Academic Misconduct Explanations 
This appendix includes explanations of terminology and some examples and is not to be considered as a comprehensive or complete list of academic misconduct.

a) “Plagiarism” means misrepresenting someone else’s work including oral presentations, in whole or in part, whether ideas, words, creative works (including music, performance pieces, artwork, computer code), published or unpublished, as your own.

b) Submitting work you’ve already received academic credit for, or that you are already submitting for another course, without written permission from your Instructor(s). Permission from the Instructor(s) must be in writing and must clearly outline any restrictions related to the academic work.

c) Falsifying results in lab experiments, field exercises, or other assignments
For example: faking or omitting lab data constitutes academic misconduct.

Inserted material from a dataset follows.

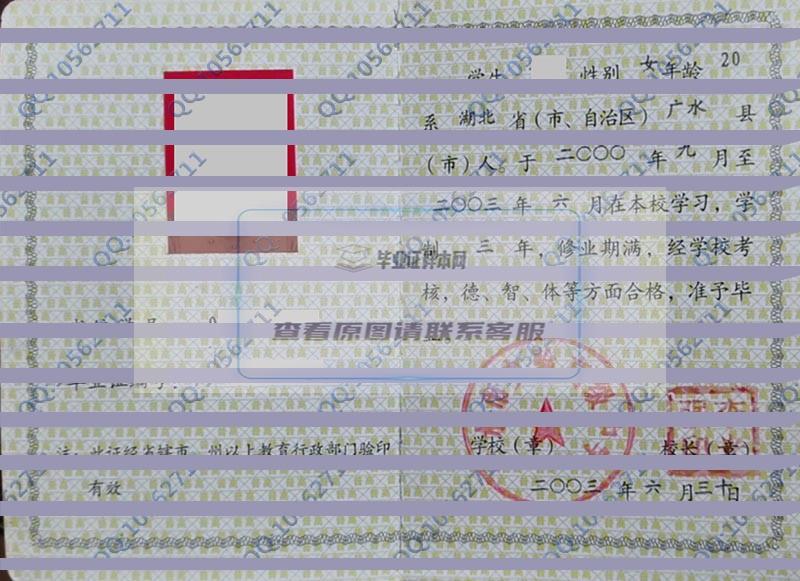 广水市实验高级中学2003年高中毕业证样本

d) Copying someone else’s work on assignments, tests, or exams
Copying someone else’s work or allowing your work to be copied constitutes academic misconduct.

e) Use of unauthorized aid or assistance in tests or exams.                                    
Students are expected to work on their own in all tests or exams, including take-home exams, using only aids that have been explicitly authorized for use in the test or exam by the Instructor. For example, use of a cell phone during an exam is not permitted and constitutes academic misconduct.

f) Collaborating on assignments that were designated by the Instructor as individual.            
Inappropriate collaboration occurs when students work together beyond the level of collaboration that has been approved by the Instructor. Instructors are expected to outline the appropriate level of collaboration in course outlines and/or for each assignment.  Students should assume that all assignments are to be done individually unless the Instructor has specified otherwise.  If unsure of the Instructor’s expectations, students are responsible for clarifying the expectations with the Instructor.
g) Impersonating another student, or knowingly allowing someone to impersonate you, in an assignment, test, or exam
Allowing another student to do one’s lab work, preparing an essay or assignment for submission by another student, writing a test or exam for another student or allowing another student to write one’s test or exam constitutes academic misconduct.

h) Using someone else’s computer account or using your computer account for unauthorized purposes
Students should refer to the following policies that pertain to computer accounts: Policy 7001, Policy 7003, and Policy 7005.

i) Interfering with or damaging someone else’s academic work including their access to campus resources

j) Obtaining, viewing, or sharing information about an assignment, test, or exam
For example, sharing with other students the questions and/or answers for an assignment, test, or exam constitutes academic misconduct.  Equally, illicitly obtaining or viewing the questions and/or answers for an assignment, test, or exam constitutes academic misconduct.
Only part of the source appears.